What the frap?!?! Can I just say? I’m getting rather tired of all the grunting, and knowing he can say words . . . well, it doesn’t help. He understands everything, but frequently just ignores me and almost never uses words. As my sister said yesterday when I told him to come over to where I was so I could put his pants on him, “Did you see the look he gave you? If that kid knew how to flip you the bird I’m pretty sure he just would have.” Yes indeed.
And this morning? The older four were in the living room practicing a song they are doing (A~ is accompanying the other three on the piano) at a baptism tomorrow. Quinn was in there banging on the keys and just getting in the way in general, so I scooped him up and carried him out of the room. As we were walking into the kitchen I said, “They are trying to sing a song. If you want to be in there with them you have to sing, too; but to sing, you have to use actual words.” And then? He gave me this sidelong look that totally said, “Lady, it ain’t gonna work. Neener neener neener. Now give it up already.” Seriously.

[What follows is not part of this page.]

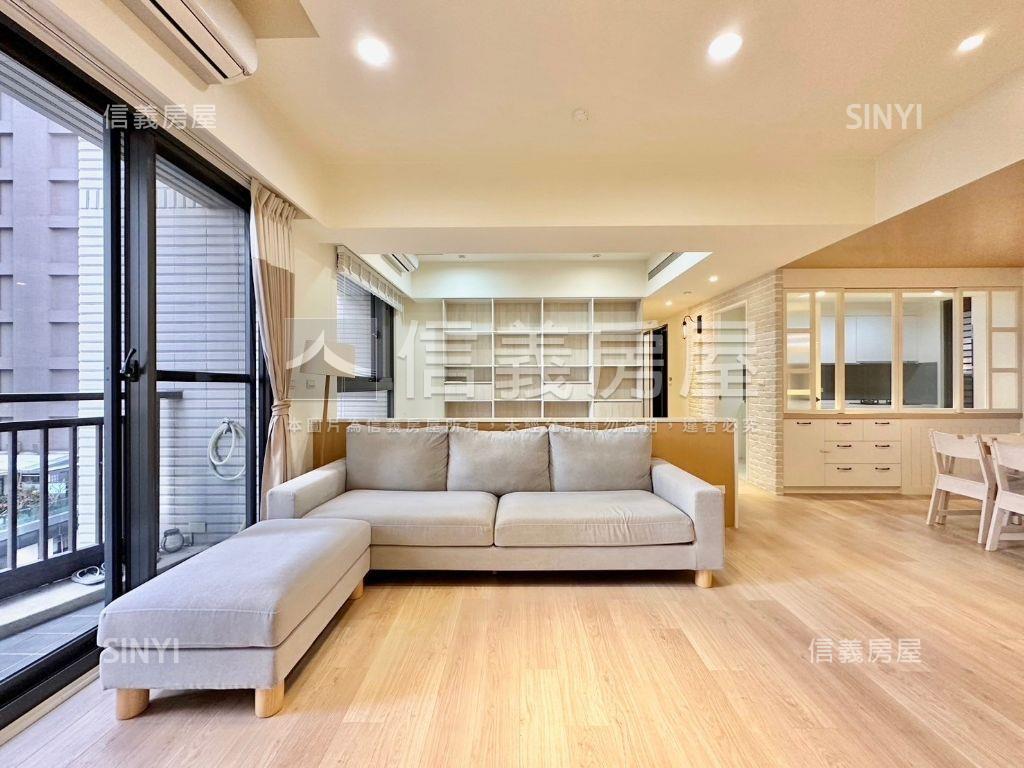心里畫精美裝潢戶房屋室內格局與周邊環境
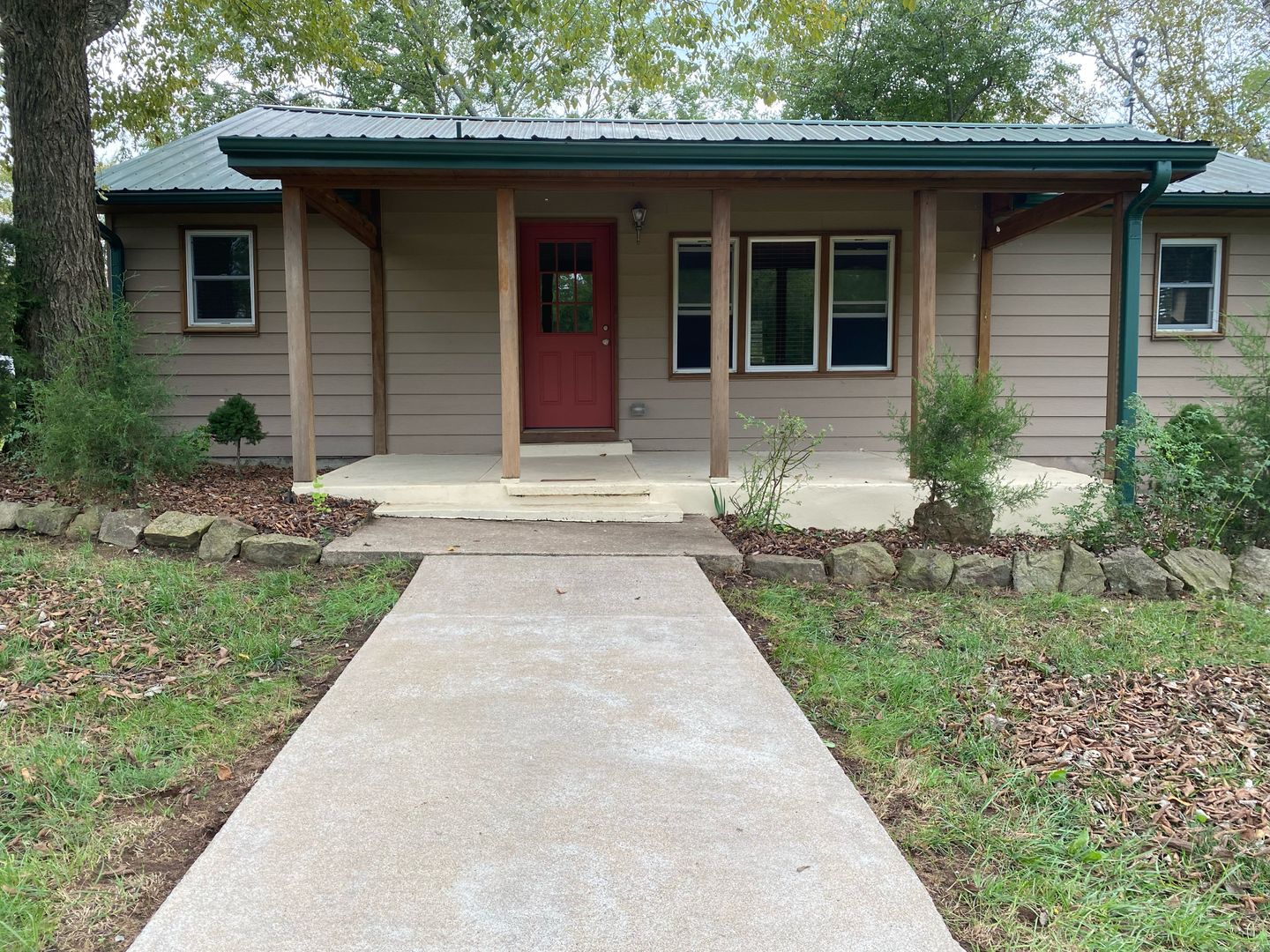 Praire Grove House: 11193 Sugarland Rd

But every now and then? He forgets his apparent vow of silence and will say dadda or mamma, or something that sounds like he is trying to say L~’s name. The other day I swear he said, “Love you.” Every now and then he’ll say yeah. But the other 99.99999999999999% of the time? Point and grunt. Or pull my hand and grunt. Or just grunt. When he does say a word? He gets this look on his face like, “Oh crap, I forgot. I’m not supposed to talk in front of the big people. Now they’ll expect it of me.”
And George, if you’re out there, Tewt the Newt is buried in about a foot of snow.